Quand on est leader, il faut avoir le sens de l’écoute. Tout le monde n’a pas la même façon de comprendre les choses. Mais il faut être souvent sévère quand il le faut”. Telle est le credo de Mariam Diakité, la présidente de Kolaminèton. Son ambition est de regrouper les femmes du village afin qu’elles jouent leur partition dans le développement local. Elle ne ménage aucun effort pour atteindre cet objectif.
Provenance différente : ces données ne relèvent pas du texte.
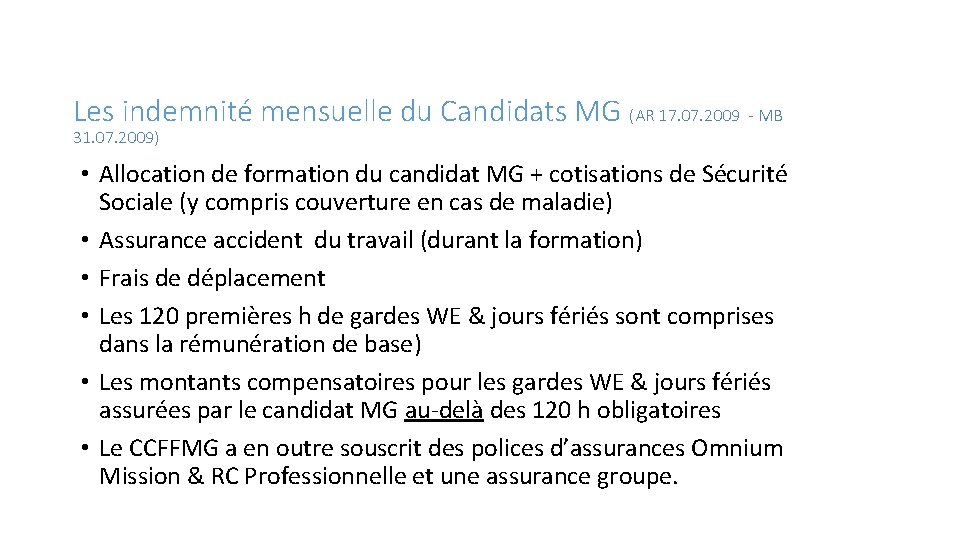 Les indemnité mensuelle du Candidats MG (AR 17. 07. 2009 - MB 31. 07.
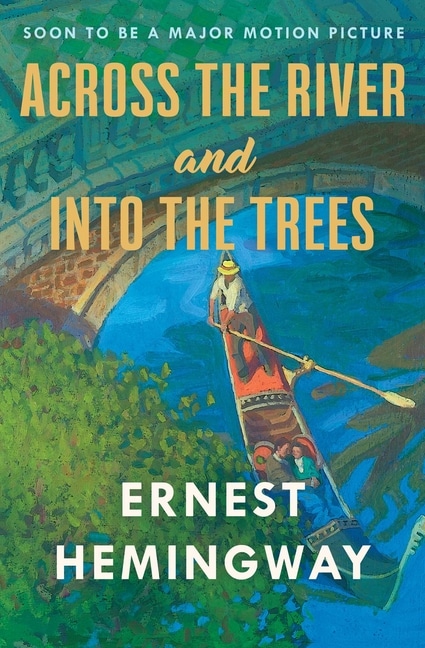 Across The River And Into The Trees book cover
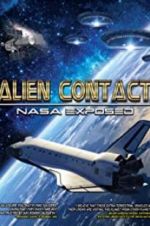 Watch Alien Contact: NASA Exposed 0123movies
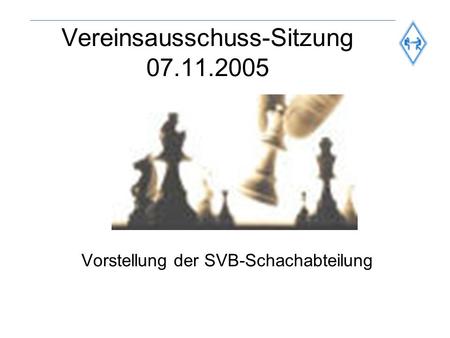Vereinsausschuss-Sitzung 07.11.2005 Vorstellung der SVB-Schachabteilung.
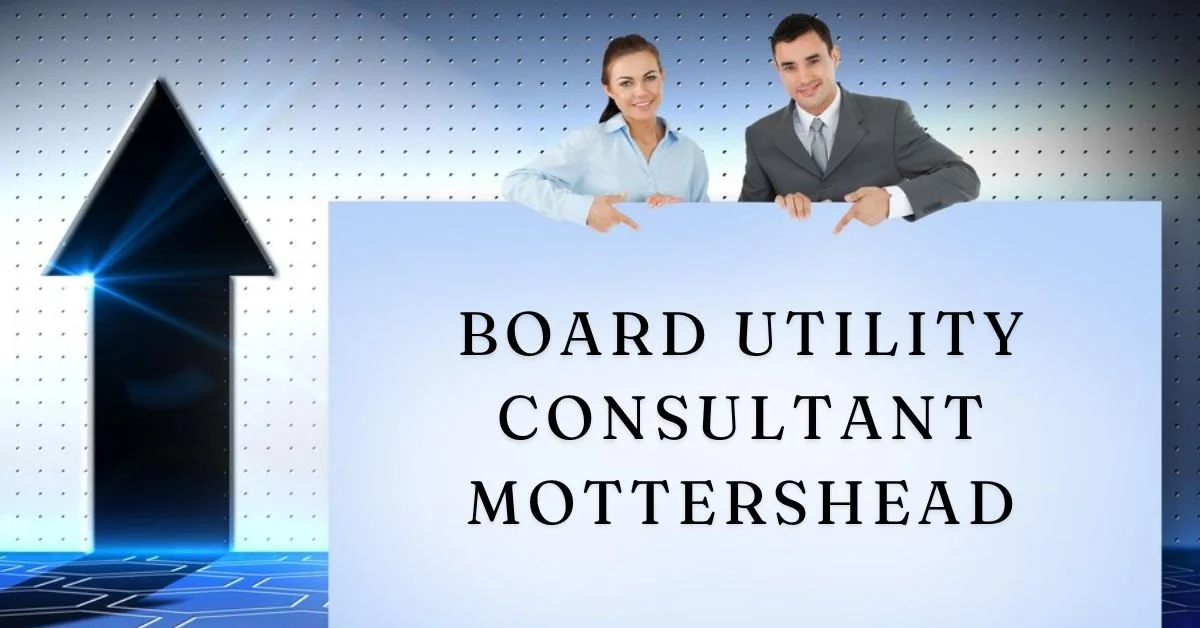 board utility consultant Mottershead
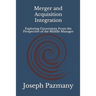 Merger and Acquisition Integration: Exploring Uncertainty From the Perspective of the Middle Manager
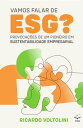 Vamos falar de ESG? Provoca??es de um pioneiro em sustentabilidade empresarial【電子書籍】[ Ricardo Voltolini ]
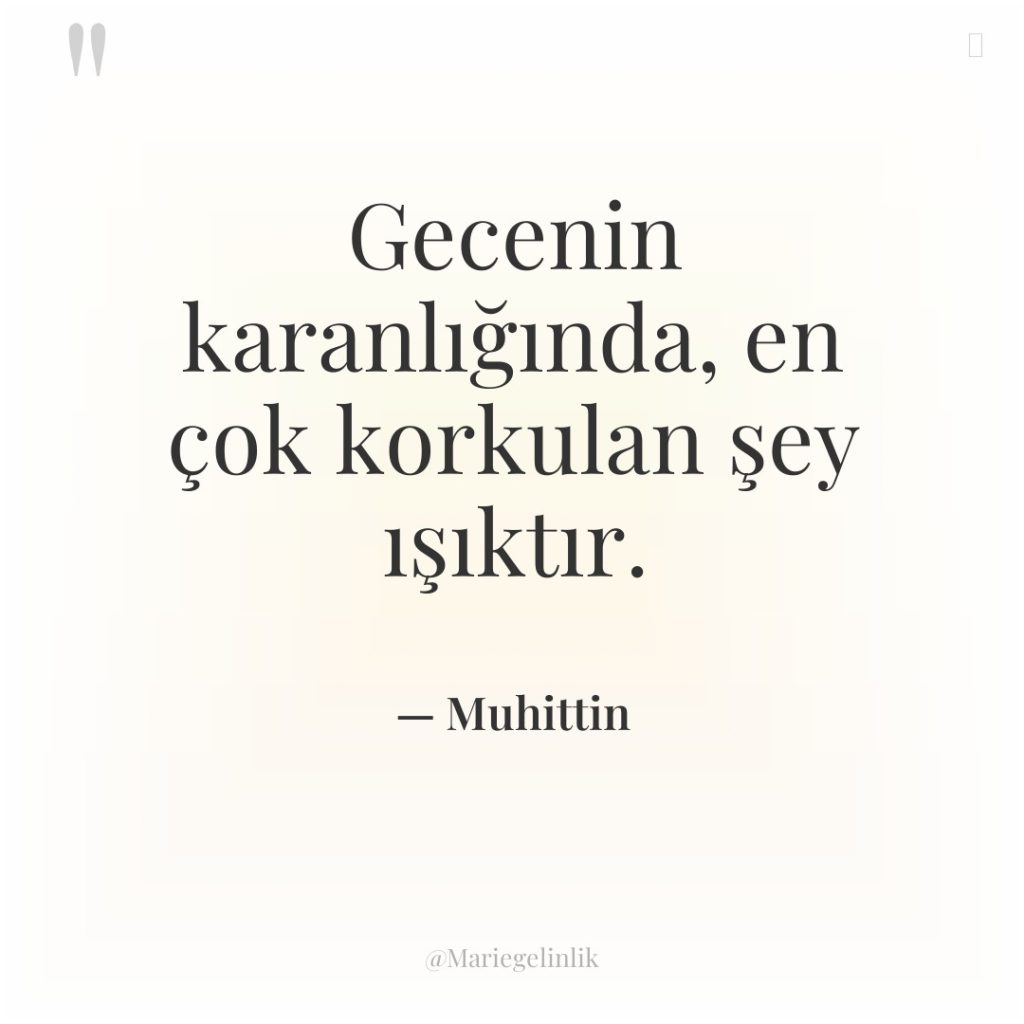 Gecenin karanlığında, en çok korkulan şey ışıktır.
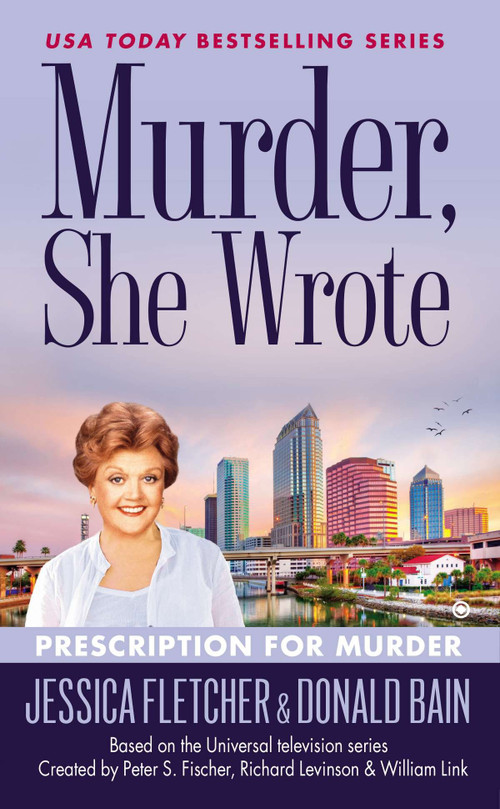 Murder, She Wrote: Prescription for Murder by Jessica Fletcher, Donald Bain, 9780451466594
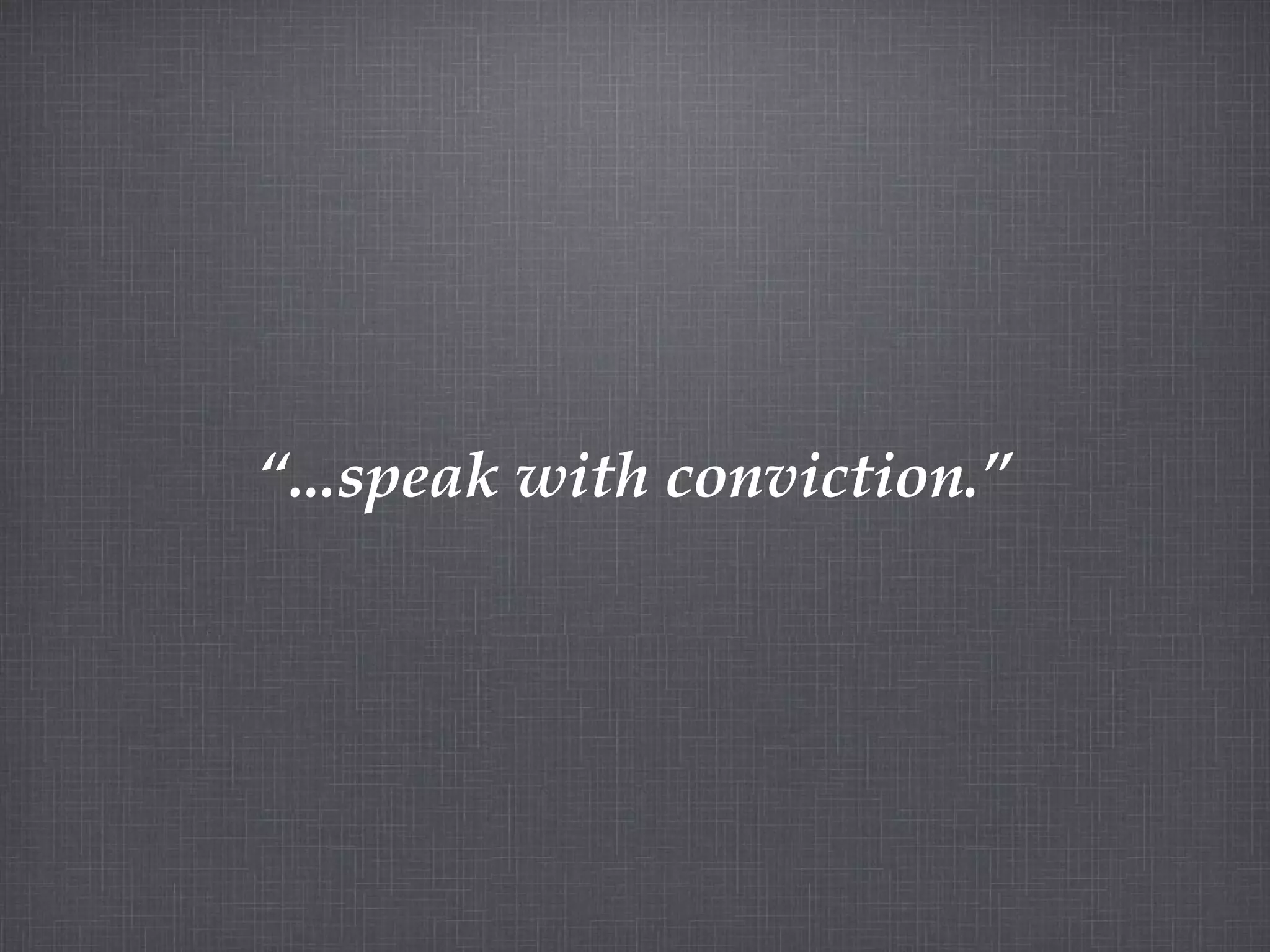 “ ...speak with conviction.”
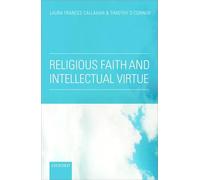 Religious Faith and Intellectual Virtue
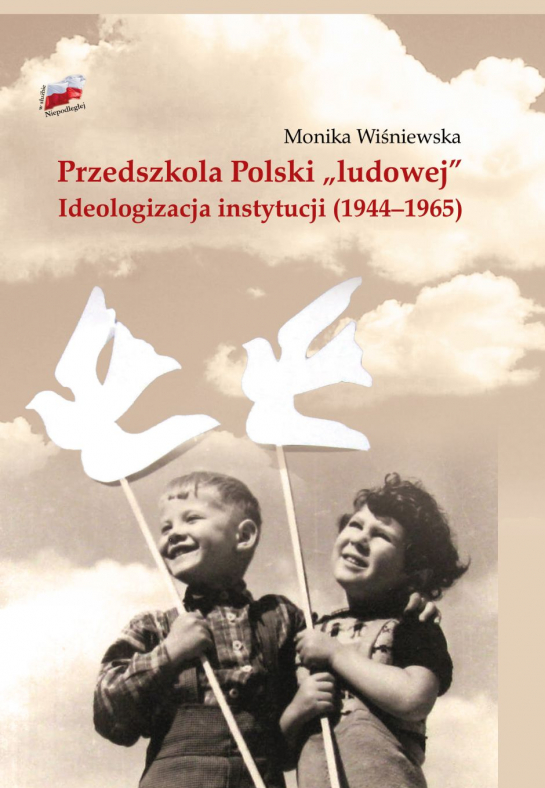 „Przedszkola Polski +ludowej+. Ideologizacja instytucji 1944−1965”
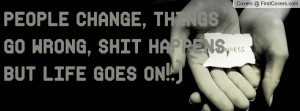 people change, things go wrong, shit happens, but life goes on!:)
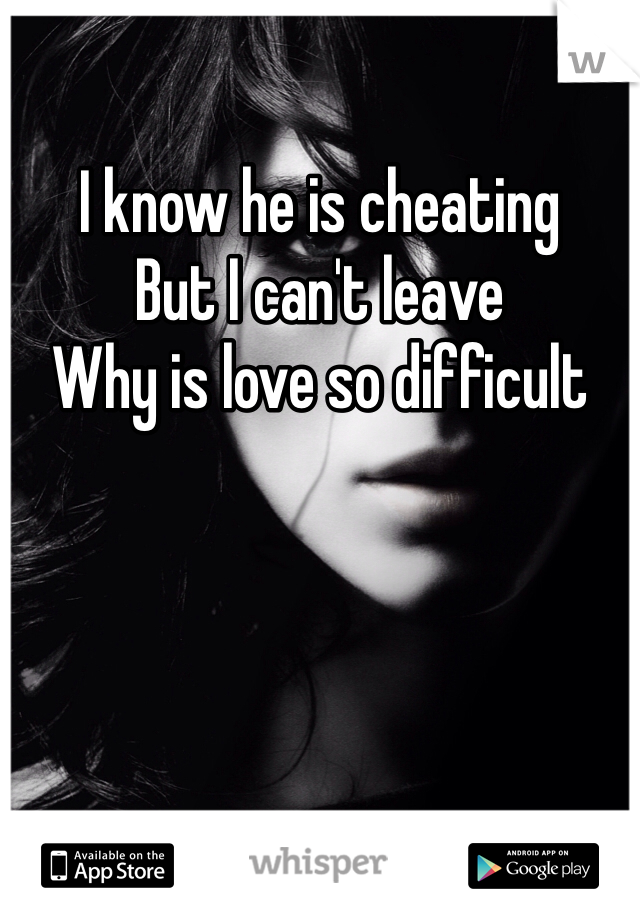 I know he is cheating
But I can't leave 
Why is love so difficult 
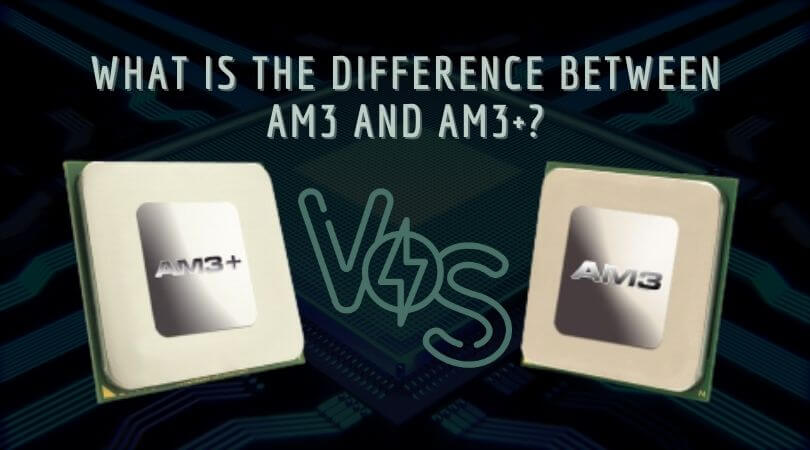 What Is The Difference Between AM3 and AM3+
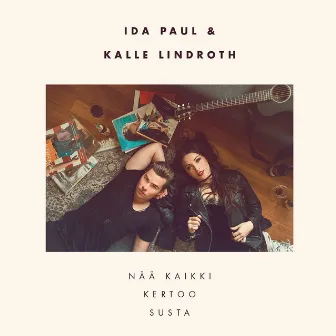 Nää kaikki kertoo susta by Ida Paul & Kalle Lindroth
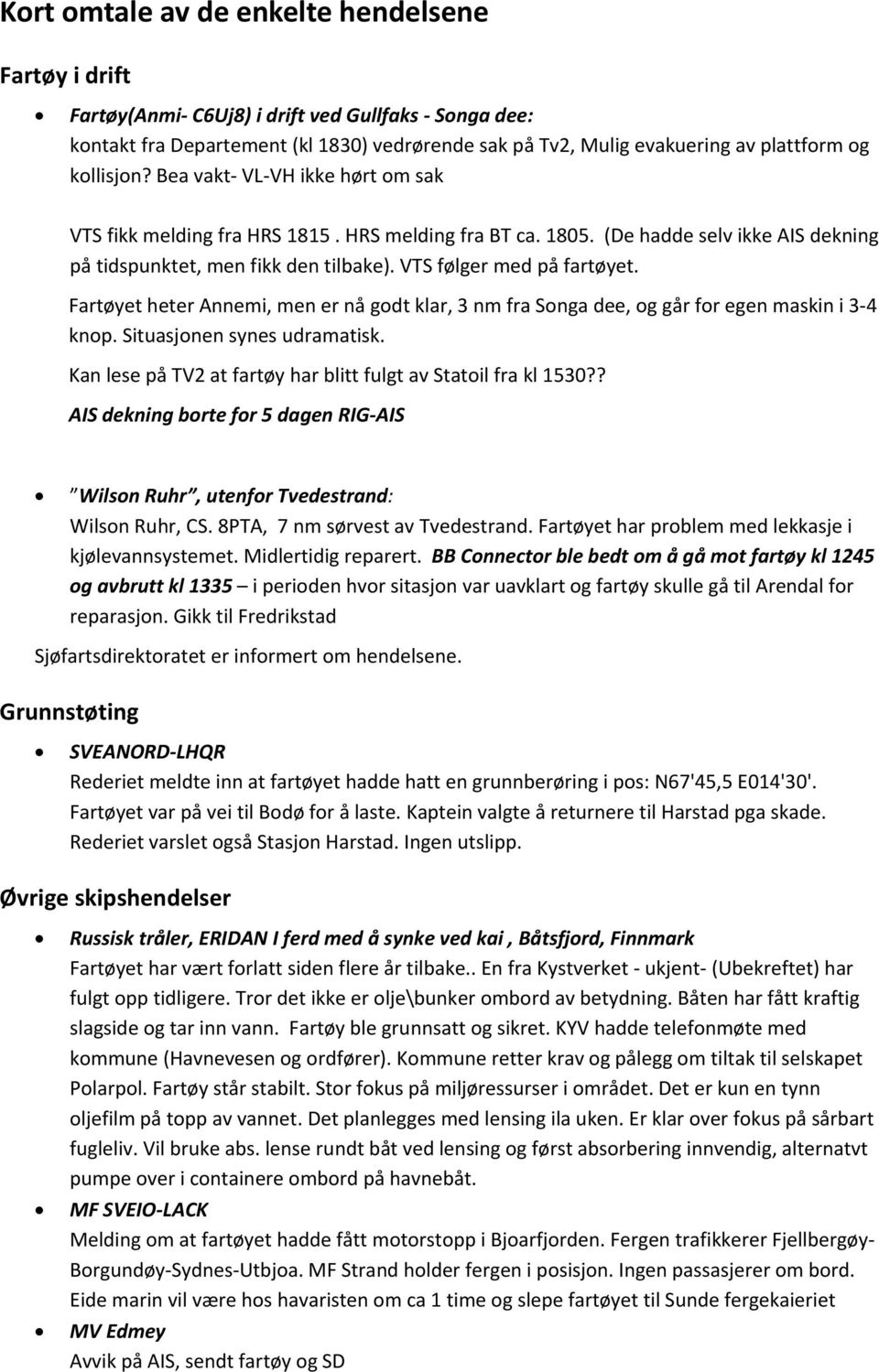 VTS følger med på fartøyet. Fartøyet heter Annemi, men er nå godt klar, 3 nm fra Songa dee, og går for egen maskin i 3 4 knop. Situasjonen synes udramatisk.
Mère au foyer, génitrice de six garçons, Mme Dao, qui est née et a grandi dans un village perdu dans la brousse, a le regret de ne pas découvrir d’autres terres que celles de sa naissance et de son enfance. La plus grande ville qu’elle connaît est Bla, située à plus de 300 km de Bamako, la capitale malienne.
Dès son jeune âge, elle s’engage dans la vie associative grâce à l’organisation sociale du milieu “minianka”, une communauté malienne située au centre et réputée pour son purisme, qui classe les gens en classes d’âge. Dans le but de créer des activités génératrices de revenus pour les femmes de sa localité, elle préside un groupement qui, depuis quelques années, bénéficie de l’appui d’une ONG en aménageant un jardin de maraîcher.
À travers les revenus générés, elle à aider son tendre époux en prenant en charge certaines dépenses familiales. “Des fois, quand la situation devient difficile pour mon mari, je lui viens en aide. Dans notre société, l’époux et sa femme sont complémentaires”, explique-t-elle.
Avec ses collaboratrices, Mariam attire la remarque des partenaires locaux et nationaux. C’est dans le souci d’augmenter leur rentabilité et être à l’abri des bêtes, qu’un ressortissant, résidant à Bamako, a offert des grillages, permettant de clôturer le jardin.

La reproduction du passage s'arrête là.